» **Problem**
Please return the listing exactly as it stands, skipping any pictures.

» **Data block**
---*---

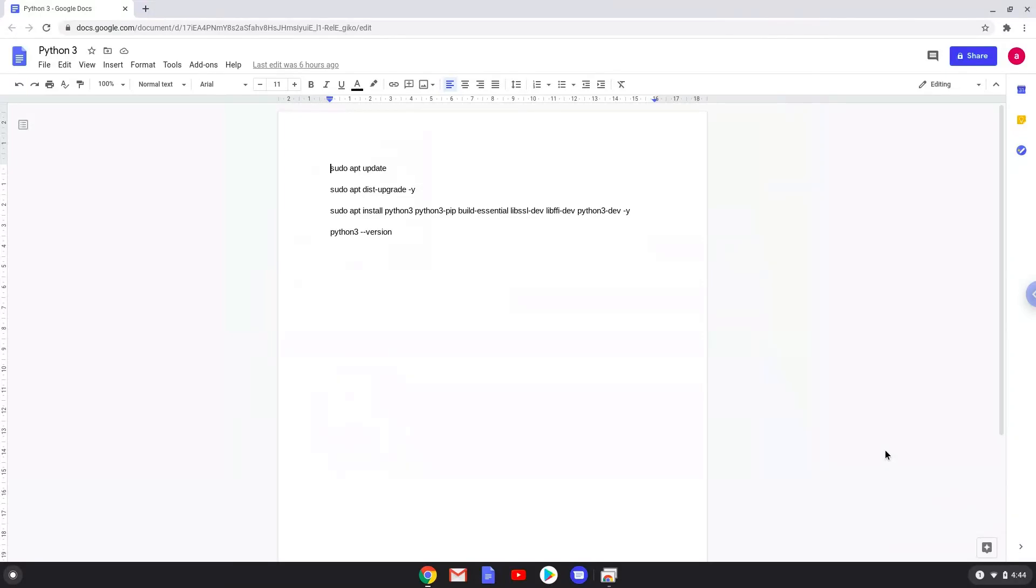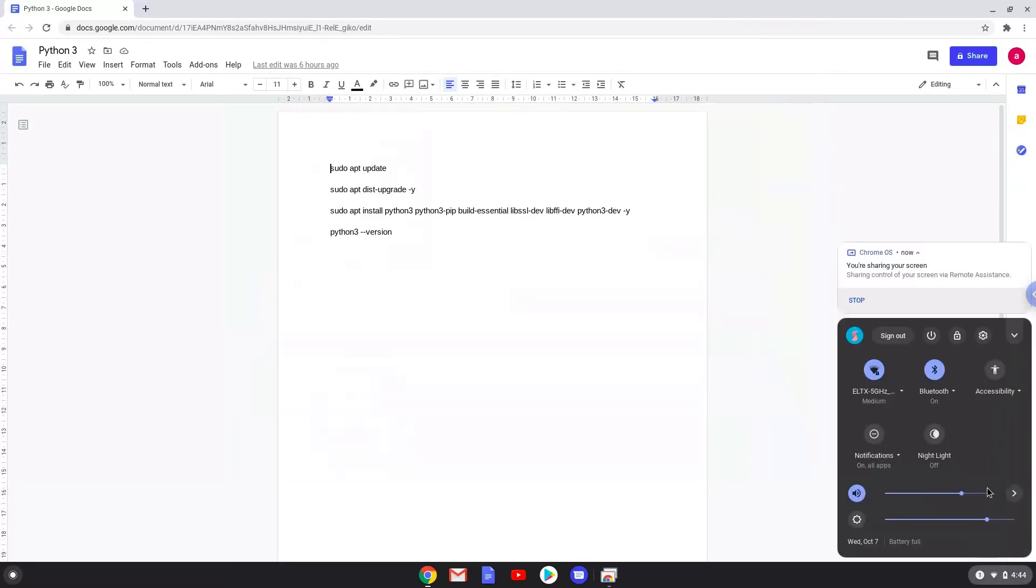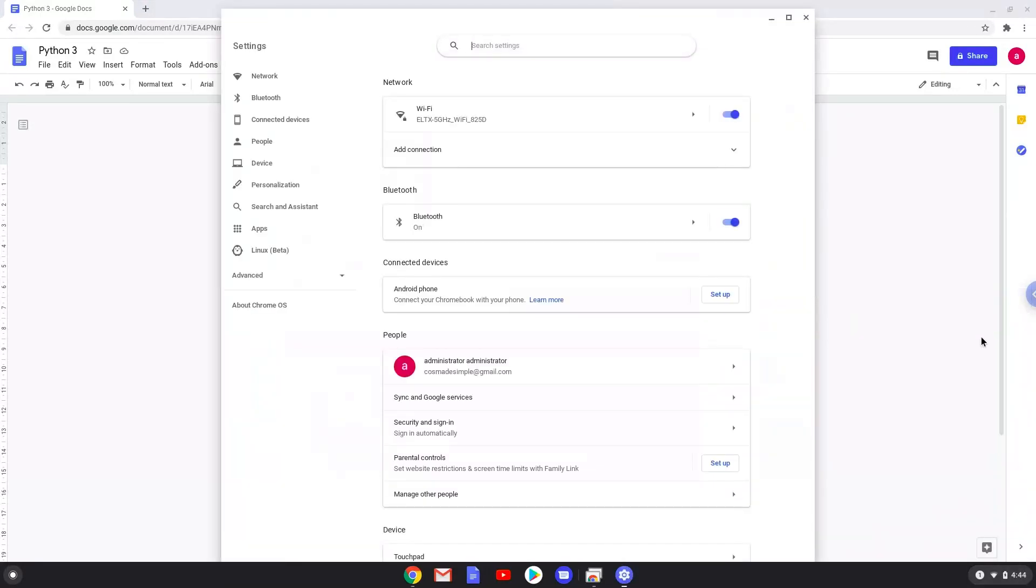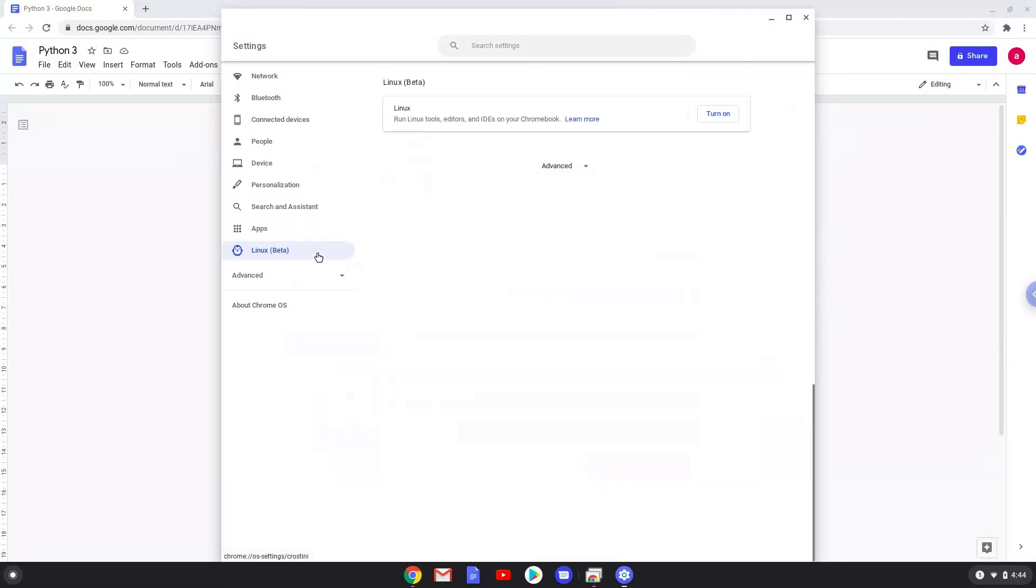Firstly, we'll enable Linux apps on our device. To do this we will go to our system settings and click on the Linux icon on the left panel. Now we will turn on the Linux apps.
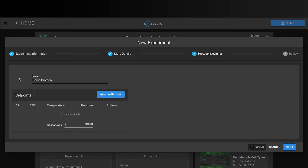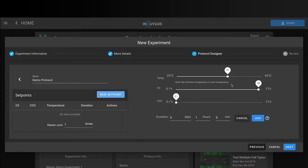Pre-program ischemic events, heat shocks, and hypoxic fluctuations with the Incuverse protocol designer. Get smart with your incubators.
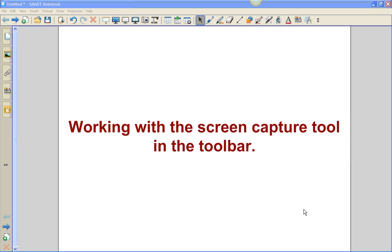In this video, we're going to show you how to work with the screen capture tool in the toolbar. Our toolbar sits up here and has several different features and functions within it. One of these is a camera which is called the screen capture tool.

---*---

» **Written answer**
Firstly, we'll enable Linux apps on our device. To do this we will go to our system settings and click on the Linux icon on the left panel. Now we will turn on the Linux apps.
Pre-program ischemic events, heat shocks, and hypoxic fluctuations with the Incuverse protocol designer. Get smart with your incubators.
In this video, we're going to show you how to work with the screen capture tool in the toolbar. Our toolbar sits up here and has several different features and functions within it. One of these is a camera which is called the screen capture tool.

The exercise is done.